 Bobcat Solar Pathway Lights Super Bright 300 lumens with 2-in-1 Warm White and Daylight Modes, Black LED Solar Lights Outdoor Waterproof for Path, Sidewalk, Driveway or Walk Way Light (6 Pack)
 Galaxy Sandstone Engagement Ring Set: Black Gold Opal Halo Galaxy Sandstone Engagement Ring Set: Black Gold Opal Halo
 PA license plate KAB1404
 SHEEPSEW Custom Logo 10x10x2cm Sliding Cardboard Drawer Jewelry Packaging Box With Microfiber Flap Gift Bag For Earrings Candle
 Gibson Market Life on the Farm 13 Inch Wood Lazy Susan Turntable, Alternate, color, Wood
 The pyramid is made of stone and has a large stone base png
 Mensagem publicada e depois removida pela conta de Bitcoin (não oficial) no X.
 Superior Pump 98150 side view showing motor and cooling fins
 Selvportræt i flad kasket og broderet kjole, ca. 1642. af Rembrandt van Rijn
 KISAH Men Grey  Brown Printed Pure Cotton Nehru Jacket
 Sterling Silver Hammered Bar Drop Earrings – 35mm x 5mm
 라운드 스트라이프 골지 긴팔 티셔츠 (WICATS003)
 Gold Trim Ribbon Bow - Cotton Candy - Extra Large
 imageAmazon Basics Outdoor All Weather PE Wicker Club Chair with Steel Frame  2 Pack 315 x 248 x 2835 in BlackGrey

-------

(BRIEF): Please return the entire listing, unchanged.

(ANSWER SPACE):
 Bobcat Solar Pathway Lights Super Bright 300 lumens with 2-in-1 Warm White and Daylight Modes, Black LED Solar Lights Outdoor Waterproof for Path, Sidewalk, Driveway or Walk Way Light (6 Pack)
 Galaxy Sandstone Engagement Ring Set: Black Gold Opal Halo Galaxy Sandstone Engagement Ring Set: Black Gold Opal Halo
 PA license plate KAB1404
 SHEEPSEW Custom Logo 10x10x2cm Sliding Cardboard Drawer Jewelry Packaging Box With Microfiber Flap Gift Bag For Earrings Candle
 Gibson Market Life on the Farm 13 Inch Wood Lazy Susan Turntable, Alternate, color, Wood
 The pyramid is made of stone and has a large stone base png
 Mensagem publicada e depois removida pela conta de Bitcoin (não oficial) no X.
 Superior Pump 98150 side view showing motor and cooling fins
 Selvportræt i flad kasket og broderet kjole, ca. 1642. af Rembrandt van Rijn
 KISAH Men Grey  Brown Printed Pure Cotton Nehru Jacket
 Sterling Silver Hammered Bar Drop Earrings – 35mm x 5mm
 라운드 스트라이프 골지 긴팔 티셔츠 (WICATS003)
 Gold Trim Ribbon Bow - Cotton Candy - Extra Large
 imageAmazon Basics Outdoor All Weather PE Wicker Club Chair with Steel Frame  2 Pack 315 x 248 x 2835 in BlackGrey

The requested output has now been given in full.